New Majority has two parts. First there’s New Majority Capital Foundation, which runs two programs. One, called Succession Ready, helps existing business owners thinking of retiring, over a period of five weeks, to get their companies ready for succession. Launched last fall in Providence, it covers everything from alternatives to selling to how to increase a firm’s valuation.

The other, which will launch next week, is bETA, an eight-week accelerator aimed at teaching entrepreneurs of color what they need to know to buy and expand an existing business. (It’s in -person for the first and last few days and virtual the rest of the time, a particularly important consideration for participants who hold a full-time job). That includes doing due diligence, hiring and operations, among other topics. It also covers looking for business brokers. At the end, they get a certification from Babson College, which is delivering the curriculum. It’s launching in Rhode Island, but the team plans to expand nationally this year.

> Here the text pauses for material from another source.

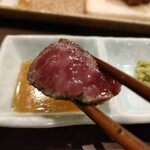 焼肉・鉄板焼ステーキ 橘通りミヤチクAPAS - 肉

New Majority held an introductory workshop in January for about 100 BIPOC individuals, to provide a glimpse of what ETA involves. About 35 or so of those people will comprise the first cohort.

The Fund

Graduates will form a pipeline for New Majority’s $50 million fund. It will provide up to 100% of financing for making an acquisition, with the ability to help finance around 50 acquisitions alongside banks and other investors. Three are three structures: One is for people able to make a down payment, the other two are for those who can’t do that. (All include 10% seller financing). Those who have the resources for a 2.5% down payment can access a 7a SBA loan, plus a 7.5% equity stake from New Majority and seller financing. Otherwise, they can split debt and equity, plus seller financing. Or New Majority takes a 90% equity stake with seller financing.

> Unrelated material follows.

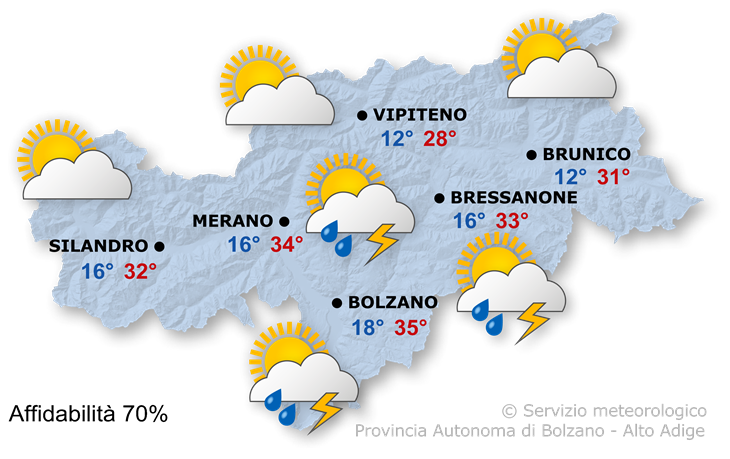 Previsione per domani, 27.05.2026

The equity, says Kris Schumacher, cofounder, “is designed to be as non-extractive as possible.” That means returns are typically limited, with a structure that allows entrepreneurs to have full ownership in five to seven years.

There’s also a crowdfunding campaign allowing non-accredited investors to invest in the company.

First Plans

The partners first considered the idea of creating a venture studio. It would come up with startup ideas and back founders who could get those businesses up and running. But, they realized, that approach had some glaring problems. First, was the high failure rate for new businesses in the U.S. The other was the likelihood that, because only a few of the ideas would probably succeed, they’d end up focusing their efforts on just a few companies, thereby limiting the number of entrepreneurs able to benefit and start generating generational wealth. “Having just a few people succeed is not going to move the needle,” says Stennett.

Better, they decided, was to offer a soup-to-nuts solution. “We needed a model through which all portfolio companies would have equal support so we could all succeed,” says Rodrigues.

Ultimately, it’s a plan that, the cofounders feel, will work for everyone. “Small businesses are a great driver of wealth creation and a great value proposition for all parties involved,” says Lindie.